WORK ITEM: A copy of the listing below is needed, exact in every line and without images.
⁂
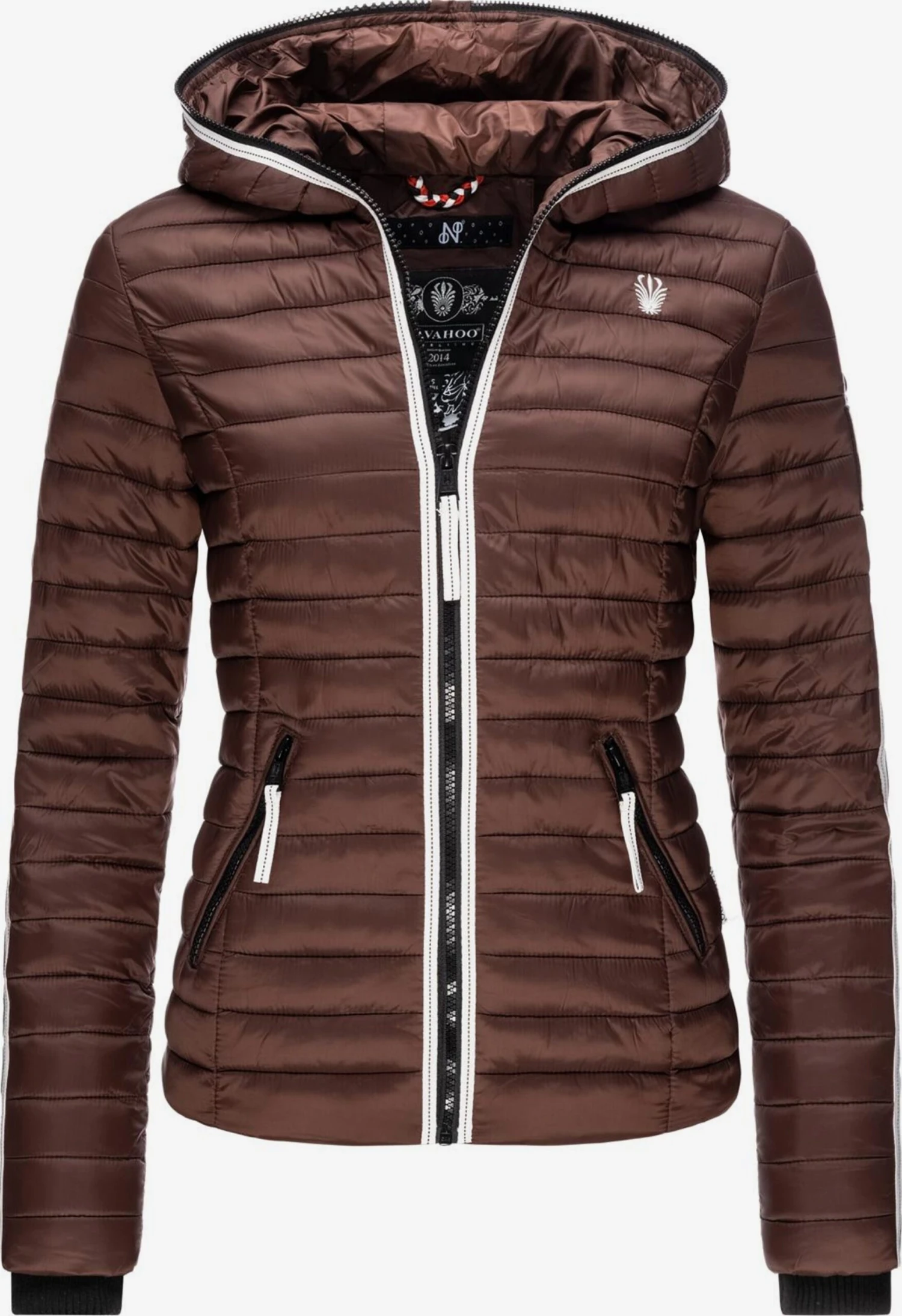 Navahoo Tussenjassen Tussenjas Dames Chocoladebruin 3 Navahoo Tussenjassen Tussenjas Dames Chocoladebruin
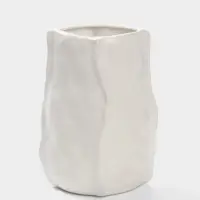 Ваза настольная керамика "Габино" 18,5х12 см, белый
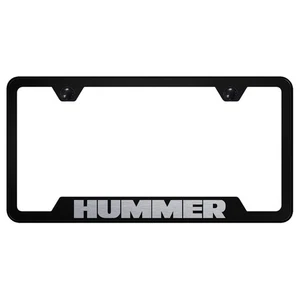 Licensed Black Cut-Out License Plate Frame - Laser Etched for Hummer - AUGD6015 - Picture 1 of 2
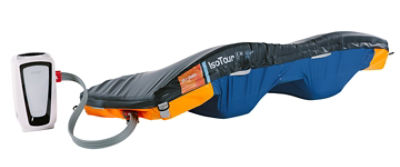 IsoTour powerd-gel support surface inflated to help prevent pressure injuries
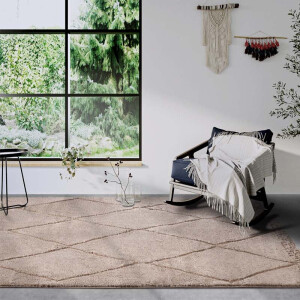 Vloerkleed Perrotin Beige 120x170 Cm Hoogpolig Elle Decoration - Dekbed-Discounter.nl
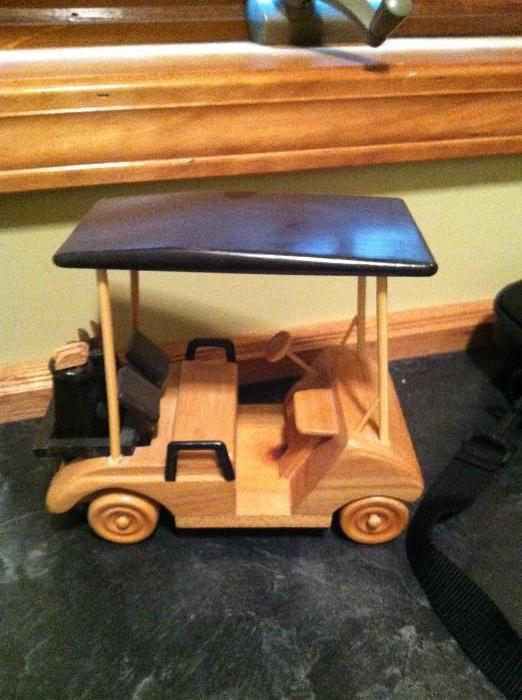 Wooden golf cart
⁂
FINISHED EXERCISE:
 Navahoo Tussenjassen Tussenjas Dames Chocoladebruin 3 Navahoo Tussenjassen Tussenjas Dames Chocoladebruin
 Ваза настольная керамика "Габино" 18,5х12 см, белый
 Licensed Black Cut-Out License Plate Frame - Laser Etched for Hummer - AUGD6015 - Picture 1 of 2
 IsoTour powerd-gel support surface inflated to help prevent pressure injuries
 Vloerkleed Perrotin Beige 120x170 Cm Hoogpolig Elle Decoration - Dekbed-Discounter.nl
 Wooden golf cart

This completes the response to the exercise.